题解 | #连续两次作答试卷的最大时间窗#
连续两次作答试卷的最大时间窗
https://www.nowcoder.com/practice/9dcc0eebb8394e79ada1d4d4e979d73c
select uid,
# 取用户连续2次作答试卷的最大值
max(days_window) days_window,
# 用户累计作答的试卷数/用户作答试卷的最大时间窗=用户平均每天作答的试卷数
# 用户平均每天作答的试卷数*用户连续2次作答试卷的最大值=avg_exam_cnt
round(max(exam_cnt)/max(max_days_window)*max(days_window),2) avg_exam_cnt
from
(select uid,date(start_time) s_day,
# 通过偏移窗口函数计算连续2次作答试卷的时间窗
#第二次作答试卷的时间 lead(date(start_time))over(partition by uid order by date(start_time))
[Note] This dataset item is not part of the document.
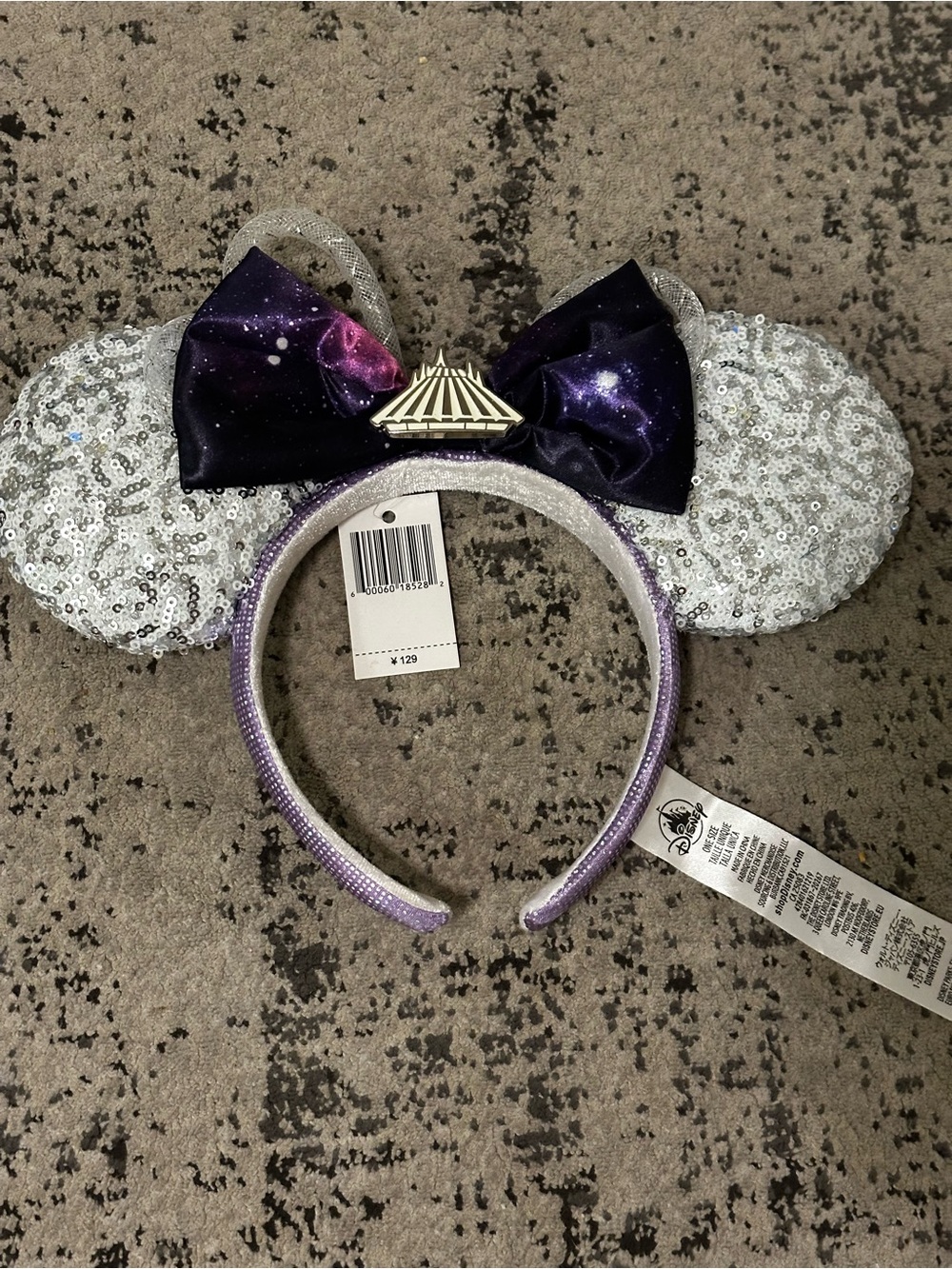 NWT Disney Parks Space Mountain Minnie Mouse Ears Headband – Shanghai Disney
timestampdiff(day,date(start_time),lead(date(start_time))over(partition by uid order by date(start_time)))+1 days_window,
# 每个用户在统计时间内,第一次和最后一次作答试卷的时间窗
timestampdiff(day,min(date(start_time))over(partition by uid),max(date(start_time))over(partition by uid))+1 max_days_window,
# 每个用户累计作答的试卷数
count(exam_id)over(partition by uid) exam_cnt
from exam_record where year(start_time)=2021)t
where uid in
( select uid from
# 通过排序可筛选出用户作答的天数,dense_rank()可对相的日期不增加排名,
# 并通过排名筛选出最少有2天作答的用户uid
(select uid,
dense_rank()over(partition by uid order by date(start_time)) rk
from exam_record where year(start_time)=2021)t1 where rk>=2)
group by uid
order by 2 desc,3 desc